Lock-Free Data Structures in C

Goal: Build lock-free stack and queue using C11 atomics. Understand why locks are problematic for concurrency, how CAS (compare-and-swap) enables lock-freedom, and implement real lock-free data structures.

Based on: jfalkner/lockfree, Lock-free Data Structures by Siddharth S2710

Prerequisites: C pointers, struct, basic concurrency concepts, understand what atomics are


Why Lock-Free?

Locks (mutexes) have problems:

  • Contention: Threads block each other, killing parallelism
  • Deadlocks: Circular wait dependencies = stuck forever
  • Priority inversion: Low-priority thread holds lock, high-priority can’t run
  • Scheduling: OS decides when blocked threads run — unpredictable latency

Lock-free: at least one thread makes progress every step (no thread can be blocked forever)

Wait-free: every thread completes in bounded steps (stronger guarantee)

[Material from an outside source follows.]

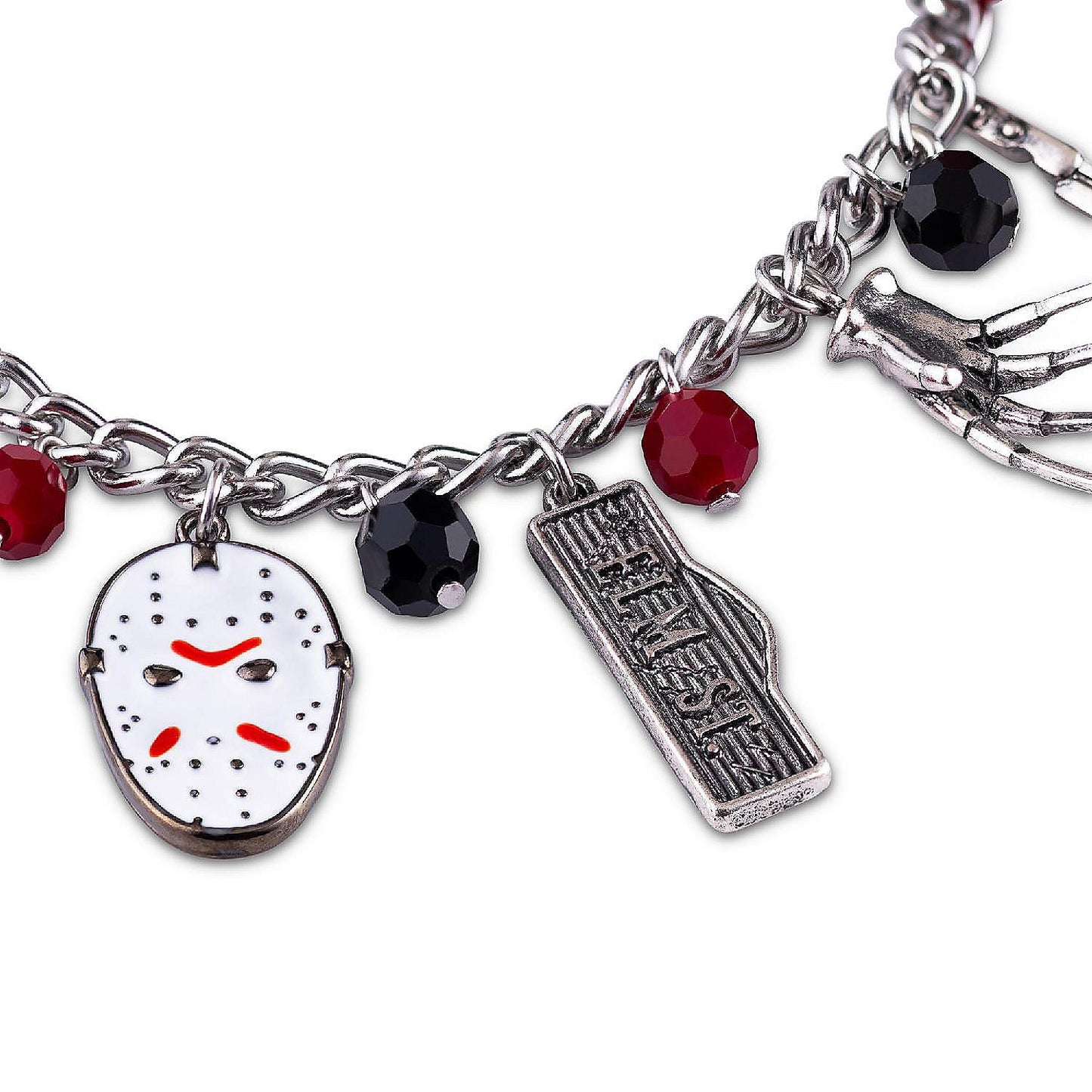 Freddy vs. Jason 15mm Enamel Charm Silver Finish Chain Bracelet Novelty Jewelry | USA Decoration®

The Fundamental Operation: CAS

Compare-and-Swap (CAS) is the building block:

#include <stdatomic.h>
 
// CAS: if *ptr == old_val, set *ptr = new_val, return true
// Otherwise, return false and *ptr unchanged
bool cas(int *ptr, int old_val, int new_val) {
    return atomic_compare_exchange_strong(ptr, old_val, new_val);
}

In C11 atomics:

atomic_int x = ATOMIC_VAR_INIT(0);
int old = atomic_load(&x);
 
// Try to change x from 0 to 42
if (atomic_compare_exchange_strong(&x, &old, 42)) {
    // Success: x is now 42
} else {
    // Failure: x was modified by another thread, old now has current value
}

Key insight: CAS is a load-modify-store operation that happens atomically. If another thread modifies the value between load and store, CAS fails.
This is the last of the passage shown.